Budweiser’s sales and underlying earnings at Anheuser-Busch InBev all came in better than expected. Shares rose as much as 11% after its Thursday earnings announcement.

Even with this brighter picture, the so-called Megabrew still needs to tackle its mega debt, which stood at $87.4 billion at the end of June — 4.9 times its earnings before interest, tax, depreciation and amortization.

AB InBev has done a decent job of cutting its borrowings from more than $100 billion since purchasing SABMiller in 2016. It has refinanced to take advantage of favorable interest rates and pushed out the time frame for repaying its bonds. It also repaid its $9 billion revolving credit facility in full in June. As long as it retains an investment-grade credit rating, it should be able to keep managing its debt.

But with earnings being hit in key markets such as the U.S., Mexico and South Africa, the company’s leverage ratio still looks too high.

Down the Hatch

Luckily, the Belgian multinational has a few levers it can pull, even if some aren’t so palatable.

Eliminating its dividend for 2020 would be the simplest move.

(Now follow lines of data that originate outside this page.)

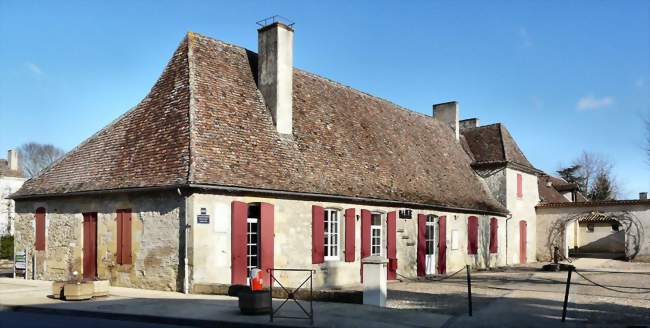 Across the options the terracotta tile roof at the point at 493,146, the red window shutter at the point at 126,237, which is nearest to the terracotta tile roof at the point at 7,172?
the red window shutter at the point at 126,237

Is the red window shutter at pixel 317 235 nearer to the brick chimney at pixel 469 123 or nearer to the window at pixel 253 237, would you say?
the window at pixel 253 237

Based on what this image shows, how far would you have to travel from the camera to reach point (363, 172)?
19203 mm

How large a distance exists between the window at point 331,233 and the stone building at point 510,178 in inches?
510

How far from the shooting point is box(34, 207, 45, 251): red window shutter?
1728 centimetres

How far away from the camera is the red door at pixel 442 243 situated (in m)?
22.0

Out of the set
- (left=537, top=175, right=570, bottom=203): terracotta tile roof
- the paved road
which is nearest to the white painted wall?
the paved road

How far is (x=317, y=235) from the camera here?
16422mm

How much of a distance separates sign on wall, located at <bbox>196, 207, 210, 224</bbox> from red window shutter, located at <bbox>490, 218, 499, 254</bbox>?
16.0m

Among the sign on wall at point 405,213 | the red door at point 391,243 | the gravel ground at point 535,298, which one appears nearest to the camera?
the gravel ground at point 535,298

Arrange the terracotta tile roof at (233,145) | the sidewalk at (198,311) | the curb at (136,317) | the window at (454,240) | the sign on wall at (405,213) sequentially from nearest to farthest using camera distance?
1. the curb at (136,317)
2. the sidewalk at (198,311)
3. the terracotta tile roof at (233,145)
4. the sign on wall at (405,213)
5. the window at (454,240)

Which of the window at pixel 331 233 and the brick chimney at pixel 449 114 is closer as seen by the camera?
the window at pixel 331 233

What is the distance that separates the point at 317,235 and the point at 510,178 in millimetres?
14866

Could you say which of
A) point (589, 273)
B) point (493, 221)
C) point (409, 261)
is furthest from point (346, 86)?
point (589, 273)

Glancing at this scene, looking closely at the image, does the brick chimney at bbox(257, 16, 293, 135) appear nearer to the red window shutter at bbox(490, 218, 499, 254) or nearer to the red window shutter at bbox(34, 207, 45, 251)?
the red window shutter at bbox(34, 207, 45, 251) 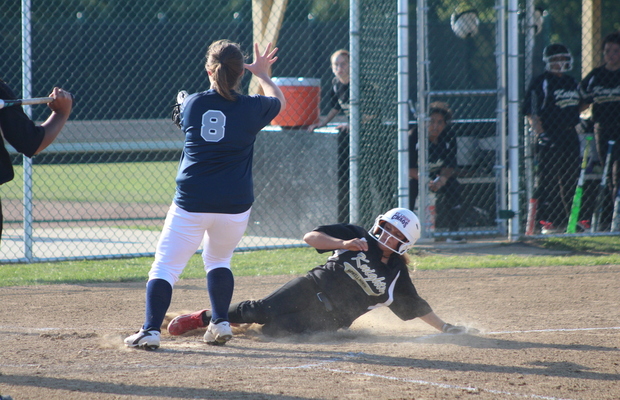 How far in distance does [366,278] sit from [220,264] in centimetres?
92

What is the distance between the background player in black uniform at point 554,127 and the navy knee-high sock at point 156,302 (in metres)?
6.40

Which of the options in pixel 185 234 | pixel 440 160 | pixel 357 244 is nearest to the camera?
pixel 185 234

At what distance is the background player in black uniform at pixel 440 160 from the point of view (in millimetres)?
8781

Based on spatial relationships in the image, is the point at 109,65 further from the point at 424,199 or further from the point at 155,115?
the point at 424,199

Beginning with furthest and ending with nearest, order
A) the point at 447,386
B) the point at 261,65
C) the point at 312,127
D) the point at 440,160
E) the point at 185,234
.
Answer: the point at 312,127
the point at 440,160
the point at 261,65
the point at 185,234
the point at 447,386

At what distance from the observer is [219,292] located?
4.35 meters

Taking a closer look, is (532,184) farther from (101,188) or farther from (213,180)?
(101,188)

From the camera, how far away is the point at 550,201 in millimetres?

This would save about $4 billion over the course of the full year.

The group could sell off some of its stakes in other companies. It still holds 62% of Brazilian brewer Ambev SA and 87% of Budweiser Brewing Co APAC Ltd. Taking both of these down to 51% could raise more than $20 billion at current valuations. It might not be possible to reduce its stake in the Asian business all at once, but if done in stages, it could be helpful.

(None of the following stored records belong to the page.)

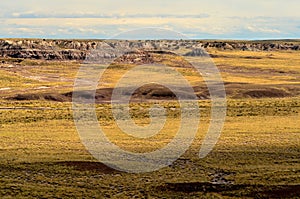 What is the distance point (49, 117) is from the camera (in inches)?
2480

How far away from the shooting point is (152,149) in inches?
1754

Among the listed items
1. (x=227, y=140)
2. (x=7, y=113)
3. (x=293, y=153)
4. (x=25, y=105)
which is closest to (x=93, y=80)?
(x=25, y=105)

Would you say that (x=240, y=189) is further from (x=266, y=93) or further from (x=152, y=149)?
(x=266, y=93)

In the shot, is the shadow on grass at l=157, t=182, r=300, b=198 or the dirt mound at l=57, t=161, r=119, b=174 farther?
the dirt mound at l=57, t=161, r=119, b=174

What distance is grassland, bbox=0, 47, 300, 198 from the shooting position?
31844 mm

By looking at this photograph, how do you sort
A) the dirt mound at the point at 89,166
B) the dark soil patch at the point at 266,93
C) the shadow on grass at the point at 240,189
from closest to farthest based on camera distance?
the shadow on grass at the point at 240,189
the dirt mound at the point at 89,166
the dark soil patch at the point at 266,93

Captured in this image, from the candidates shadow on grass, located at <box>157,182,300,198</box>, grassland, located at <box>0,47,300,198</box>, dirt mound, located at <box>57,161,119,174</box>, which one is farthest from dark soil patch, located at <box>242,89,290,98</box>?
shadow on grass, located at <box>157,182,300,198</box>

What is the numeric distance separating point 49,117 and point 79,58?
378ft

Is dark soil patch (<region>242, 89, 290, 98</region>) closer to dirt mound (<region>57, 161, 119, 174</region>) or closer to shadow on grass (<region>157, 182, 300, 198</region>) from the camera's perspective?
dirt mound (<region>57, 161, 119, 174</region>)

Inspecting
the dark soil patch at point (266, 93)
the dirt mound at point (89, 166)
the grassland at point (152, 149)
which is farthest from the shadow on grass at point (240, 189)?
the dark soil patch at point (266, 93)

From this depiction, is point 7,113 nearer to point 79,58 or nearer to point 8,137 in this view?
point 8,137

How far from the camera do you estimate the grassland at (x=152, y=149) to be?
31844 mm

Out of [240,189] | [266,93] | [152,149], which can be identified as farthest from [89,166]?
[266,93]

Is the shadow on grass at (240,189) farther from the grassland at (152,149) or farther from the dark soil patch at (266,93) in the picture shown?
the dark soil patch at (266,93) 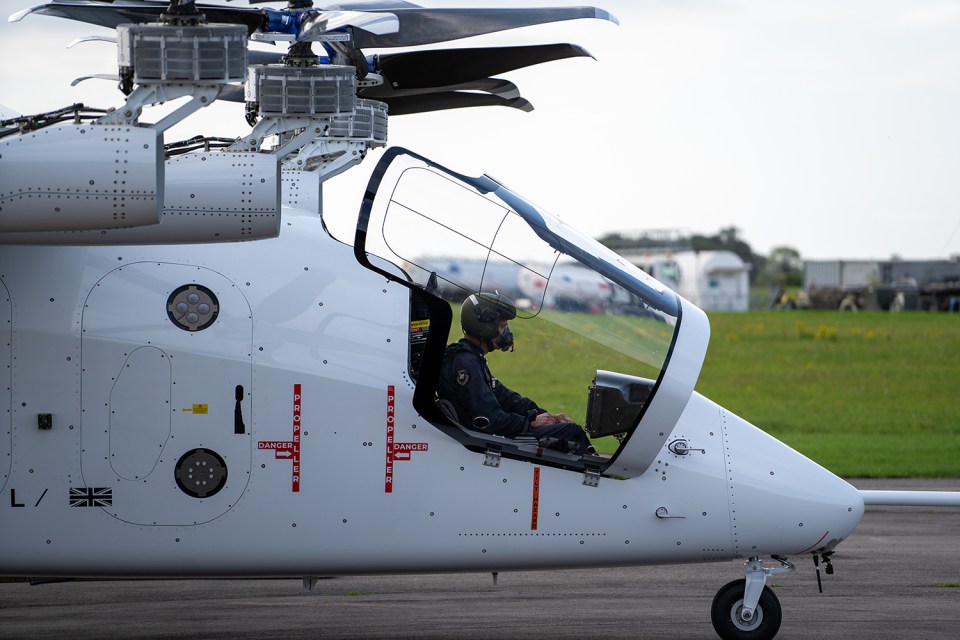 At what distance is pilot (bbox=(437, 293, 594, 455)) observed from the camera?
246 inches

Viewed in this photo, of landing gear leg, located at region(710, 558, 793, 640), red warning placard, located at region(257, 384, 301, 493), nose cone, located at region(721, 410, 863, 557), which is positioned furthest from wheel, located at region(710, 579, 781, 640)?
red warning placard, located at region(257, 384, 301, 493)

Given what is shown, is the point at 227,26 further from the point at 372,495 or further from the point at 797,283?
the point at 797,283

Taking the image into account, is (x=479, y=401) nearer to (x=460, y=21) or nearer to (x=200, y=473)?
(x=200, y=473)

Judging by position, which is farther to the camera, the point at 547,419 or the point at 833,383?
the point at 833,383

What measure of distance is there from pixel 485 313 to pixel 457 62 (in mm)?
1411

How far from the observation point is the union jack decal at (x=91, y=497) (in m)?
5.97

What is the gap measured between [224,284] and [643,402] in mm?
2333

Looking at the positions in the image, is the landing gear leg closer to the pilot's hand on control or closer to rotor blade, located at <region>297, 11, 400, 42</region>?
the pilot's hand on control

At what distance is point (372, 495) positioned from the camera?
6121 millimetres

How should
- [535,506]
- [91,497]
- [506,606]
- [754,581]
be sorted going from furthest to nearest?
[506,606], [754,581], [535,506], [91,497]

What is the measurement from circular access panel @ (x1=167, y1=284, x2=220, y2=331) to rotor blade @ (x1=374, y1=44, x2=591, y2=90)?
5.78 ft

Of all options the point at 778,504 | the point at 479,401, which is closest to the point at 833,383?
the point at 778,504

Another option is to dispose of some of its own divisions, and a couple stand out. Late last year, Reuters reported that AB InBev was looking at a minority stake sale or joint venture for its U.S. canning business. This would be a good move because, assuming the group retains control, it could generate proceeds of $2-3 billion, according to analysts at Jefferies. Another logical divestment would be its business in South Korea, which it had sold in 2009 to KKR & Co. and bought back in 2014. This could generate another $3.7 billion, according to Jefferies.

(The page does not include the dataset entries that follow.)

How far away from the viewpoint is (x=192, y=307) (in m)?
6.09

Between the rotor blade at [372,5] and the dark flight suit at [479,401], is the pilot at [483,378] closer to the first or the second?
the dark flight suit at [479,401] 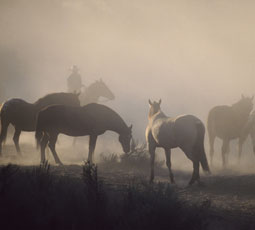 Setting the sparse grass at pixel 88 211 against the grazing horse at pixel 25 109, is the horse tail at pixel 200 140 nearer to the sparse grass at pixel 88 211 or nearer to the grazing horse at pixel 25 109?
the sparse grass at pixel 88 211

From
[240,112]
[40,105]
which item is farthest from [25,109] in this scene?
[240,112]

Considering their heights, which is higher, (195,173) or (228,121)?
(228,121)

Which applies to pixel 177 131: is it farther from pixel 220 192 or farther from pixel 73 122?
pixel 73 122

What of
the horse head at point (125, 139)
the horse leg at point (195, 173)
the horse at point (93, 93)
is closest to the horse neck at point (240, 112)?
the horse head at point (125, 139)

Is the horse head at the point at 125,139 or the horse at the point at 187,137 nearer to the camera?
the horse at the point at 187,137

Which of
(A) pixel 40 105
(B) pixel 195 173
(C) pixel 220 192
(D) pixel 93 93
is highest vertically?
(D) pixel 93 93

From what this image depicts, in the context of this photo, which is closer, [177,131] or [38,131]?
[177,131]

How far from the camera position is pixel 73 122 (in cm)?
1158

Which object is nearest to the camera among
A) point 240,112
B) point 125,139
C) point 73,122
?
point 73,122

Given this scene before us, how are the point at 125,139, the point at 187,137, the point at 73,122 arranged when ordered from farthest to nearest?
the point at 125,139 → the point at 73,122 → the point at 187,137

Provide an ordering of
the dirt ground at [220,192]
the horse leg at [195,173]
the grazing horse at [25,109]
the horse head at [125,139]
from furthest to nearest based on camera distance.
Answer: the grazing horse at [25,109] < the horse head at [125,139] < the horse leg at [195,173] < the dirt ground at [220,192]

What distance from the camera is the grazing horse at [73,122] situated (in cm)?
1148

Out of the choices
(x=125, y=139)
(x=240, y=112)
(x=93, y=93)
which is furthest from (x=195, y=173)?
(x=93, y=93)

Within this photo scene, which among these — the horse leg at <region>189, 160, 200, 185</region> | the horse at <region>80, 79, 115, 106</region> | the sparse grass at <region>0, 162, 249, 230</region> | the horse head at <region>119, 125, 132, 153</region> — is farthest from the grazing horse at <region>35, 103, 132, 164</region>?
the horse at <region>80, 79, 115, 106</region> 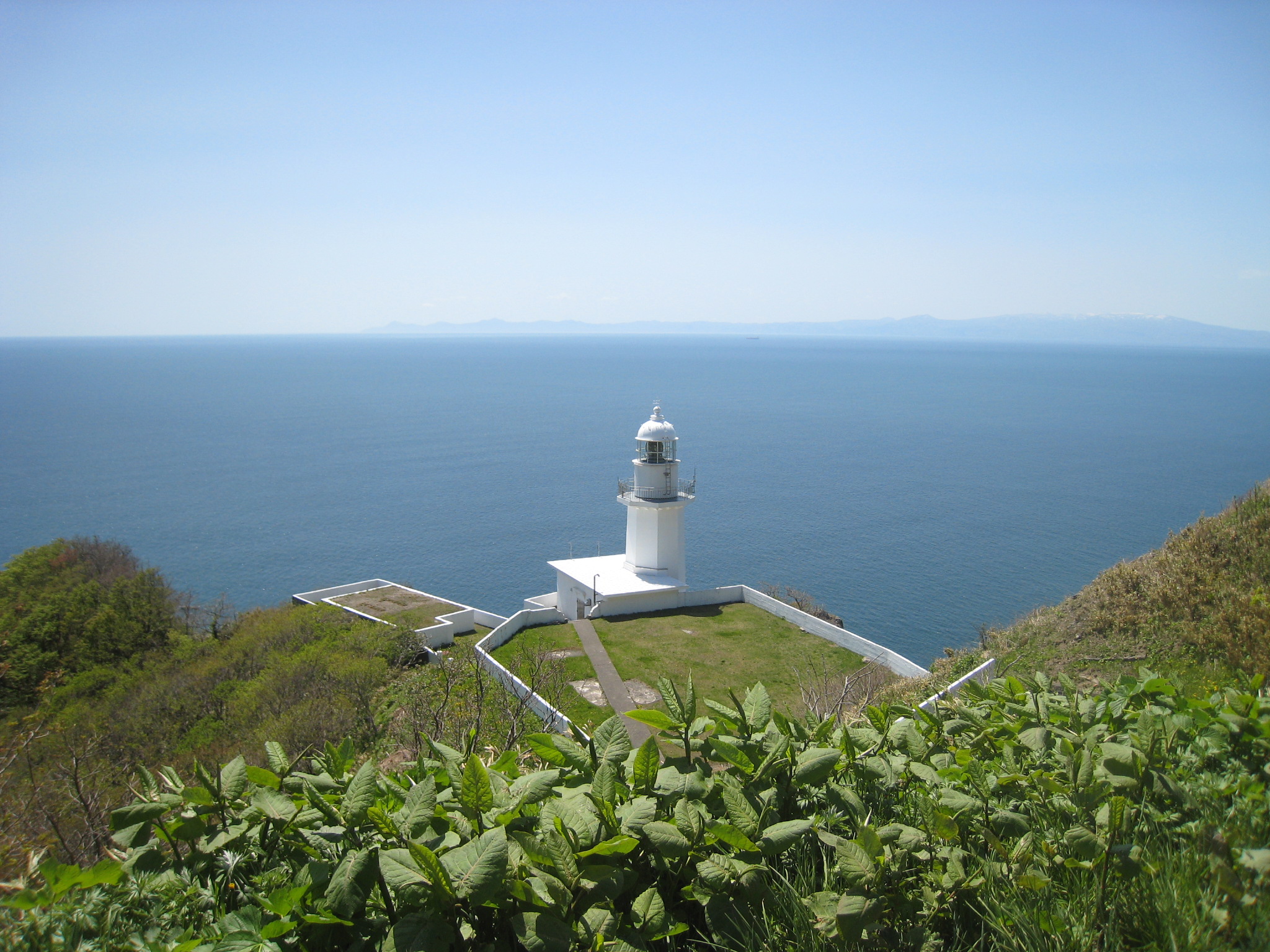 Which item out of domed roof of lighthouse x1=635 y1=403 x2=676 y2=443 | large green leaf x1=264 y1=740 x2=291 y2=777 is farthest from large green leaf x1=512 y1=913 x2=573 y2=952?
domed roof of lighthouse x1=635 y1=403 x2=676 y2=443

Combining these corporate actions with foregoing the dividend could generate more than $30 billion. This would reduce borrowings to under $50 billion, and based on the Bloomberg analysts’ estimates of net debt being just over $80 billion at the end of 2021, this would imply a net debt to Ebitda ratio of 2.7 times, a level at which investors would feel more comfortable.

No Cash Crunch

Reassurance on borrowings would also be useful given that AB InBev carries a significant amount of goodwill: $115 billion on its balance sheet as of June 30. A slow recovery or a second virus wave could seriously damage the future cash potential of its brands. On Thursday, the company took a $2.5 billion non-cash impairment on its African business. Duncan Fox of Bloomberg Intelligence says more write-downs can’t be ruled out yet.

AB InBev should get some relief from a weak dollar, which increases the value of its earnings in emerging markets, and an increase in beer volumes in June bodes well for the second half of the year. But with changing drinking habits and the risk of more Covid-19 flare-ups, getting to grips with its debt once and for all should be a priority.